Hello all. I’ve been beating my head around this for a few hours now and cannot crack this issue. So here’s the situation. I’m setting up an instance of GitLab EE Omnibus version 8.17.2-ee.0.el7. I have configured LDAP authentication against our AD server with the following config (and have tried various combinations and options, such as uid as cn which is the same value as sAMAccountName):
gitlab_rails[‘ldap_enabled’] = true
gitlab_rails[‘ldap_servers’] = YAML.load <<-EOS
directory_ldap:
user_filter: “”
allow_username_or_email_login: false
label: DIRECTORY
active_directory: true
block_auto_created_users: true
base: “DC=directory,DC=virginia,DC=edu”
attributes:
first_name: givenName
name: displayName
email: mail
last_name: sn
username: sAMAccountName
bind_dn: “CN=gitlab,OU=Accounts,DC=directory,DC=virginia,DC=edu”
password: “2jkakjrkiiuu@3445”
port: “389”
method: tls
host: directory.virginia.edu
uid: sAMAccountName
EOS
I can use those credentials and settings in ldapsearch successfully. Also gitlab-rake gitlab:ldap:check works just fine with the following results (condensed):
Checking LDAP …
Server: ldapdirectory_ldap
LDAP authentication… Success
LDAP users with access to your GitLab server (only showing the first 100 results)
DN: CN=tas6n,CN=Users,DC=directory,DC=virginia,DC=edu sAMAccountName: tas6n
DN: CN=rck4p,CN=Users,DC=directory,DC=virginia,DC=edu sAMAccountName: rck4p
Checking LDAP … Finished
However, when I go to login to our GitLab site as tas6n I get a 500 error with the following from the gitlab-rails/production.log:
Started POST “/users/auth/ldapdirectory_ldap/callback” for 10.250.1.67 at 2017-03-07 14:40:01 -0500
Processing by OmniauthCallbacksController#ldapdirectory_ldap as HTML
Parameters: {“utf8”=>“✓”, “authenticity_token”=>“XQcVFiSTK1aNedtsWHlUl4jULSOkz5femKXqQtk5gXw+wno2r60wfh42W7iQ/WyYWvFfBU8ge3juA64PmU/hAA==”, “username”=>“tas6n”, “password”=>“[FILTERED]”}
Completed 500 Internal Server Error in 13ms (ActiveRecord: 1.2ms)
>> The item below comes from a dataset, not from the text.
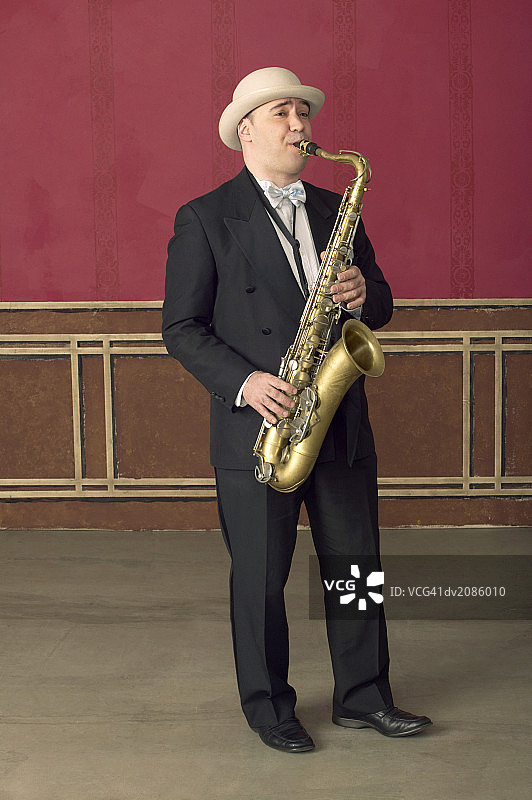 西装和巴拿马帽萨克斯演奏家在舞台上表演图片素材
NoMethodError (undefined method provider' for nil:NilClass): lib/gitlab/o_auth/auth_hash.rb:29:in provider’
lib/gitlab/o_auth/auth_hash.rb:16:in normalized_uid' lib/gitlab/o_auth/auth_hash.rb:25:in uid’
lib/gitlab/ldap/user.rb:37:in find_by_uid_and_provider' lib/gitlab/ldap/user.rb:33:in gl_user’
lib/gitlab/o_auth/user.rb:18:in persisted?' lib/gitlab/ldap/user.rb:45:in update_user_attributes’
lib/gitlab/ldap/user.rb:24:in initialize' app/controllers/omniauth_callbacks_controller.rb:25:in new’
app/controllers/omniauth_callbacks_controller.rb:25:in ldap' lib/gitlab/middleware/multipart.rb:93:in call’
lib/gitlab/request_profiler/middleware.rb:14:in call' lib/gitlab/middleware/go.rb:16:in call’
lib/gitlab/middleware/readonly_geo.rb:30:in `call’
I can successfully bind via ldapsearch with the DN for tas6n that is returned via the ldap check rake command, so I know the server is responding to that. I’ve searched and haven’t come across anyone who gets the 500 error with a working gitlab-rake gitlab:ldap:check so I’m asking now.
Does anyone have a clue as to what is going on? Is there a way I can turn up the gitlab logging verbosity to show me more details about why the ldap call is failing? I really am stuck in the water here. Thanks!